** PROMPT **
Starting at the line that holds "25 Diy Ponds To Bring Life To", quote every line through the end of the records, both boundary lines included. Omit the pictures.

Image-text web data:
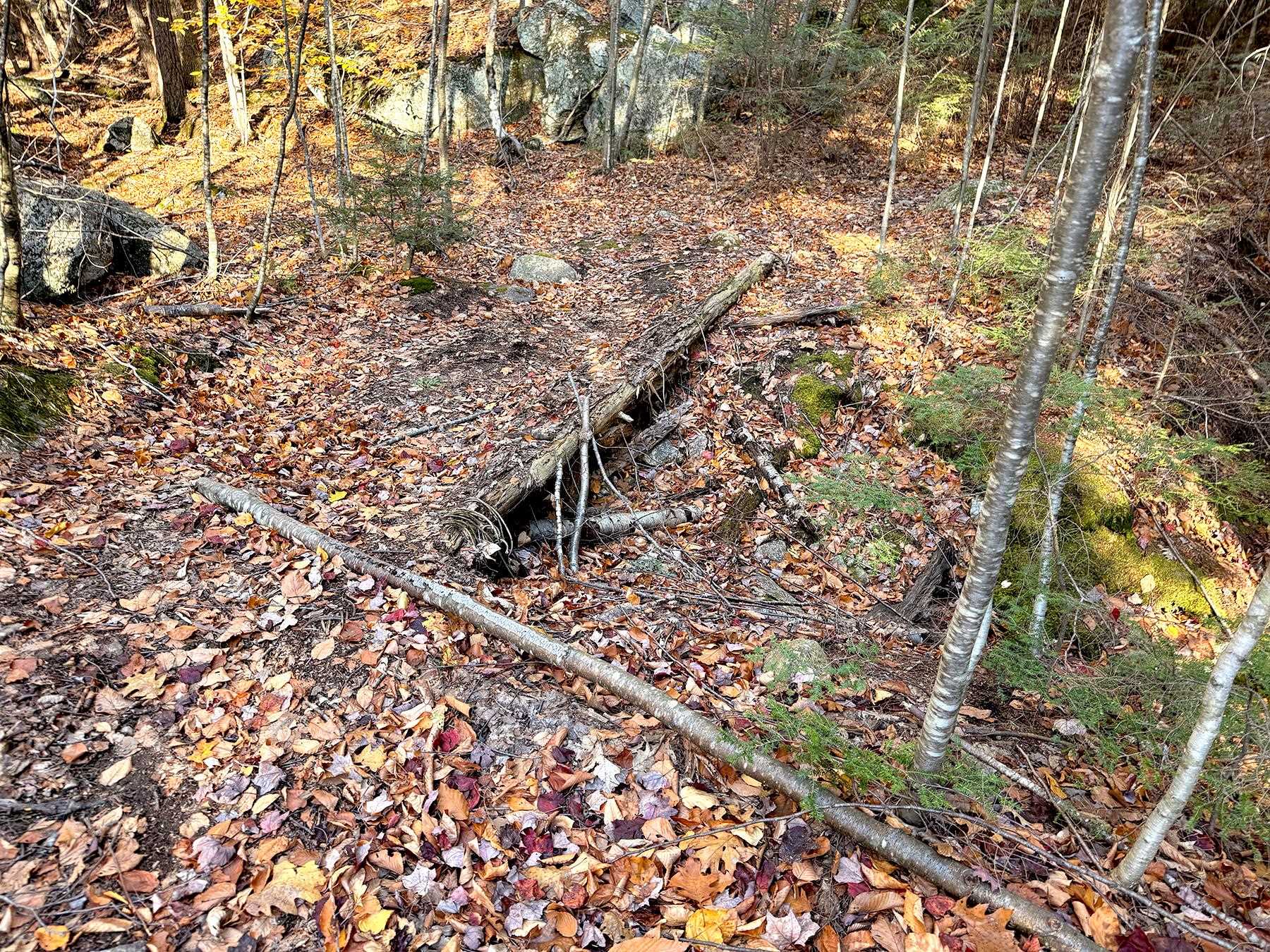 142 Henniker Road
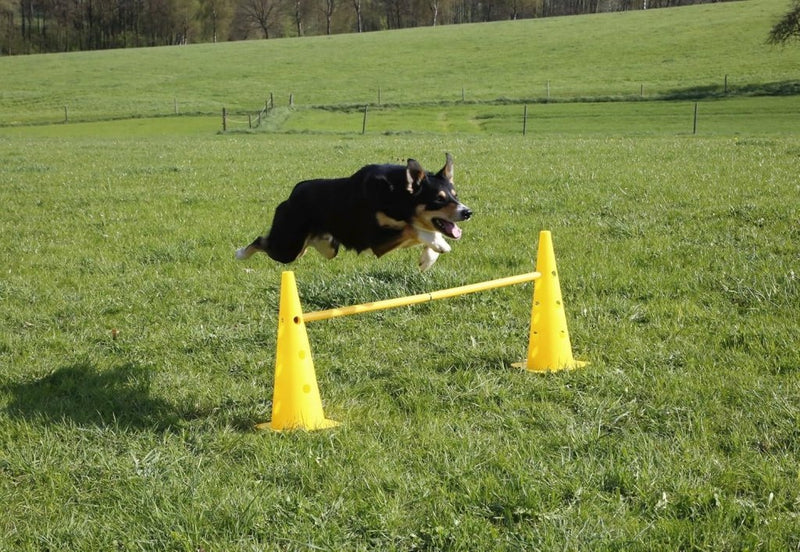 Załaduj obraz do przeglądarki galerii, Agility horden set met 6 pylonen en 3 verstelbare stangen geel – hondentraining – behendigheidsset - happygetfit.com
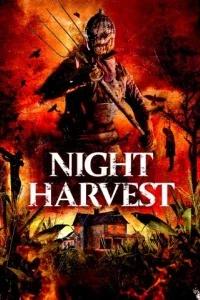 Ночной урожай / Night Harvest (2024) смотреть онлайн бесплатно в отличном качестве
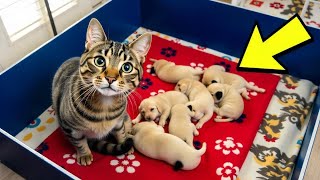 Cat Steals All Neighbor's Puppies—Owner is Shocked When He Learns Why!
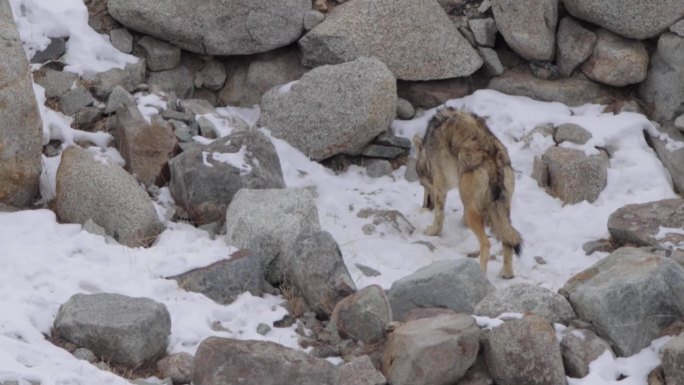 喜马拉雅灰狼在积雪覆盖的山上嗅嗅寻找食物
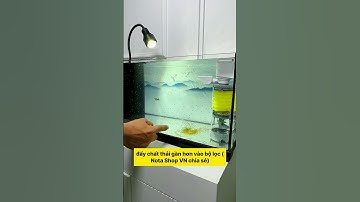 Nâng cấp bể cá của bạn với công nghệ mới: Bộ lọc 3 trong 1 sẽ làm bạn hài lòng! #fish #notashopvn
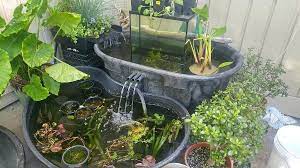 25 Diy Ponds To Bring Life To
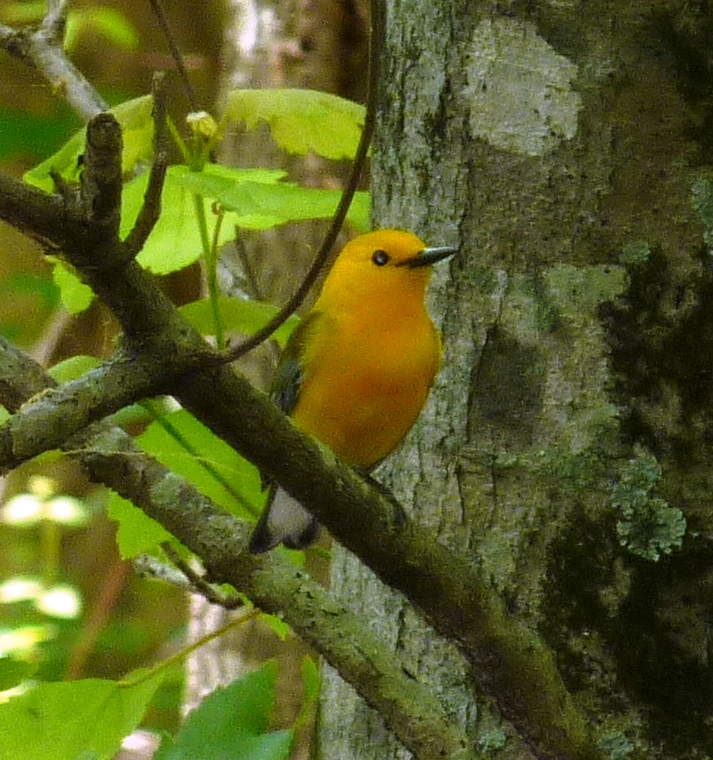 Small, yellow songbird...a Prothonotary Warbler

** OUTPUT **
 25 Diy Ponds To Bring Life To
 Small, yellow songbird...a Prothonotary Warbler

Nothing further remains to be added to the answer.